Han Kang’s way of story telling is not a conventional one. She explores different perspectives, but agreeably collective agony that only individuals in that particular situation can truly express; thus after reading it made me feel the forlorn, the torment that each had experienced.
With interconnected characters I found empathy; Searching for a friend; the love with a shadow of guilt over the death of their young brother; the human being trying to master her demons that made her detached of people, of men, and to the mother whose heart had shattered into pieces longing for her child, reliving the moments that they both shared until her death. You will feel compassionate with the characters, be it fiction or real people.
Absolutely, Human Acts’ setting, Gwangju cannot be compared to any other story of a nation or a city under a siege, or to that of classical frame of tyranny, of dictatorship. For every civilization, long before the tanks have been invented, there had been countless loss of human beings, and each and every human souls got stories to tell, wanting to be heard.

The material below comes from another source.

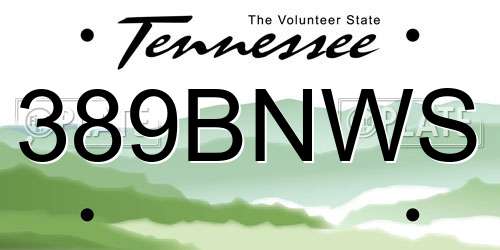 389BNWS Tennessee License Plate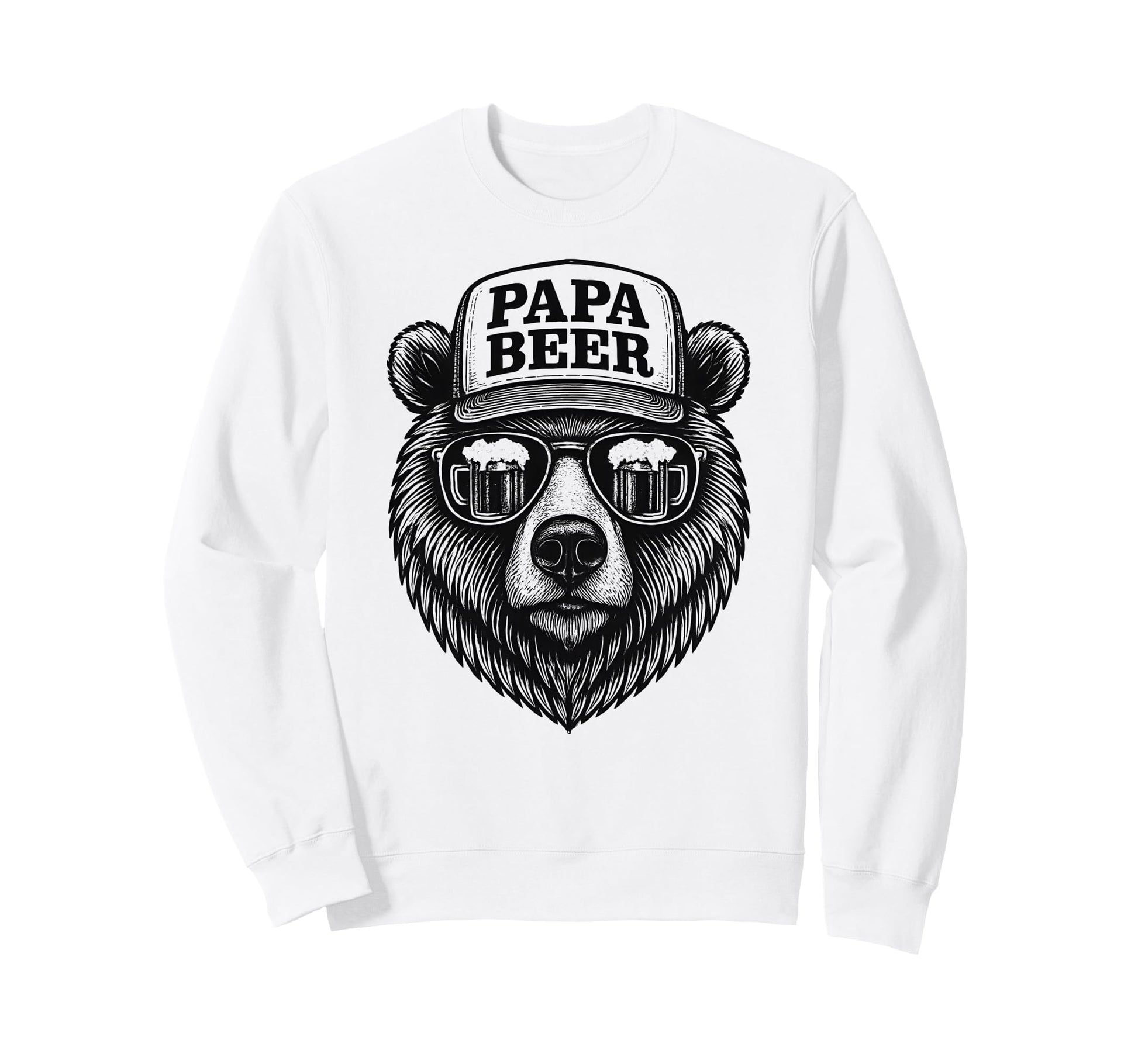 Papa Beer Funny Dad Bear Drinking Sweatshirt - Aesthetic Graphic Men Women - T-Shirt, Sweatshirt, Hoodie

Her descriptions. Her intellectual way of conveying the pain is plausible and would even make one think: it could be worse in real life, what more to encounter if this is happening, right now around us. Unimaginable.
Han Kang’s Human Acts may ignite deep introspection, if the reader would read it with an open mind. Painfully, life goes on, even to those who are left behind by their loved ones. Humans survive, though without utter peace, somehow they manage to remain alive carrying haunted memories that they try so hard not to remember.
DO NOT READ – if you find serious topic not your kind, because it might affect you, drain you in a way. If your are expecting an easy read, I discourage you. Obviously not for YA fans.
READ – if Historical fiction is your cup of tea. If you are ready to be heartbroken by gruesome description of war depicting emotions, harrowing pinches in your heart. Go ahead.